Spark-HPCC Systems Integration

HPCC Systems-Spark Integration consists of a plug-in to the HPCC Systems platform and a Java library that facilitates access from a Spark cluster to/and from data stored on an HPCC Systems cluster.

The HPCC Systems Spark plug-in integrates Spark into your HPCC System platform. Once installed and configured, the Sparkthor component manages the Integrated Spark cluster. It dynamically configures, starts, and stops your Integrated Spark cluster when you start or stop your HPCC Systems platform.

HPCC Systems-Spark Integration

⚡ Note: This project references log4j which has been reported to include security vulnerabilitie(s) in versions prior to v2.15.0

The Spark-HPCC Systems Distributed Spark Connector employs the standard remote file read facility to read and write data to/from either sequential or indexed HPCC datasets.

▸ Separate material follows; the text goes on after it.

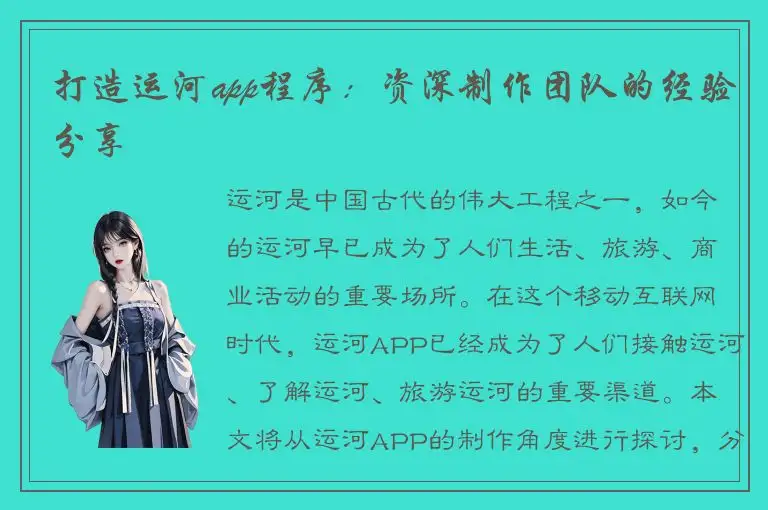 打造运河app程序：资深制作团队的经验分享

The data on an HPCC cluster is partitioned horizontally, with data on each cluster node. Once configured, the HPCC data is available for reading and writing in parallel by the Spark cluster.

The HPCC Systems Spark Connector requires Spark 2.10 or 2.11 and the org.hpccsystems.wsclient library available from the Maven Repository.

  • Find the source code and examples in the spark-hpccsystems repository
  • Get the latest JAR or javadocs files from the Maven Repository
  • Example Maven dependency information, be sure to update the <version> with the appropriate version you are using:
 <dependency>     <groupId>org.hpccsystems</groupid>     <artifactid>spark-hpcc</artifactid>     <version>7.12.0</version> </dependency>  

Known Limitations:

HPCC-21511 A Spark-HPCC write operation (HpccFileWriter.saveToHPCC ) on a cluster with nodes configured with multiple NICs can fail due to wrong IPs being reported as the dataset source location. This has been resolved in versions 7.2.0 or later versions of HPCC + Spark.